The Te Deum in C major, WAB 45 is a setting of the Te Deum hymn, composed by Anton Bruckner for SATB choir and soloists, orchestra, and organ ad libitum.

History[edit]

Bruckner started work on his Te Deum from 3 to 17 May 1881,[1] when he was finalising his Symphony No. 6.[2] After finishing his next Symphony No. 7,[2] Bruckner resumed work on his Te Deum on 28 September 1883.[1] The vocal and orchestral score was completed on 7 March 1884. The ad lib. organ part was added on a separate score[2] on 16 March 1884.[1][3][4] The composer dedicated the piece A.M.D.G.[1] "in gratitude for having safely brought me through so much anguish in Vienna."[5]

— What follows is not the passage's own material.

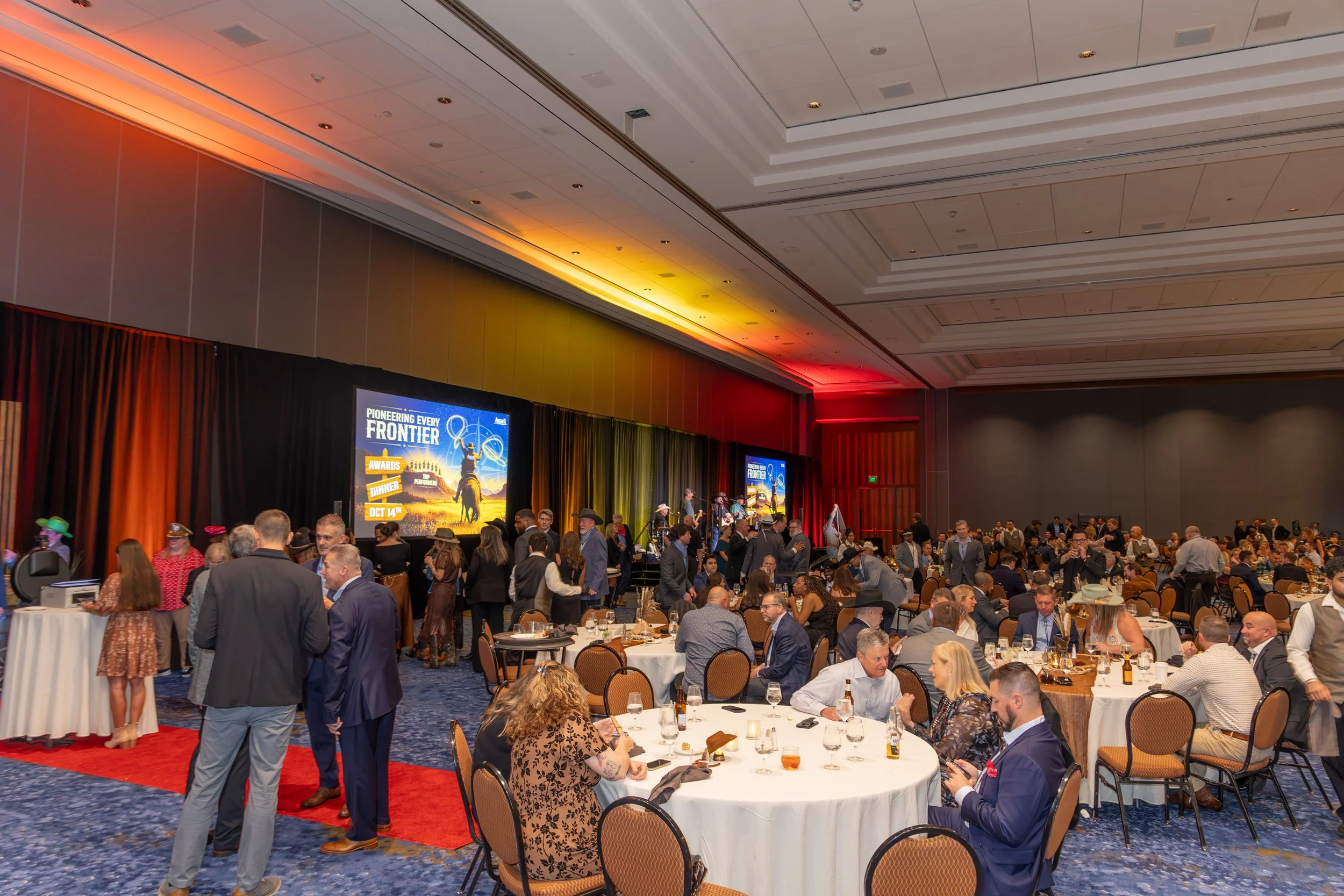 Crowded awards dinner with round tables, a live band, and a large “Pioneering Every Frontier” presentation screen in a brightly lit ballroom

The Te Deum was premiered in the Kleiner Musikvereinssaal in Vienna on 2 May 1885, with soloists Frau Ulrich-Linde, Emilie Zips, Richard Exleben, and Heinrich Gassner, with the choir of the Wiener Akademischer Richard Wagner Verein, and Robert Erben and Joseph Schalk substituting for the orchestra on two pianos.[1] Hans Richter conducted the first performance with full orchestra on 10 January 1886 in the Großer Musikvereinssaal of Vienna.[1]

Thereafter, there were almost thirty more performances within Bruckner's lifetime.[6] The last performance, which Bruckner attended, was conducted by Richard von Perger at the suggestion of Johannes Brahms.[7] On his copy of the score, Gustav Mahler crossed out "für Chor, Soli und Orchester, Orgel ad libitum" (for choir, solos and orchestra, organ ad libitum) and wrote "für Engelzungen, Gottsucher, gequälte Herzen und im Feuer gereinigte Seelen!" (for the tongues of angels, heaven-blest, chastened hearts, and souls purified in the fire!).[8][2] The composer himself called the work "the pride of his life".[9]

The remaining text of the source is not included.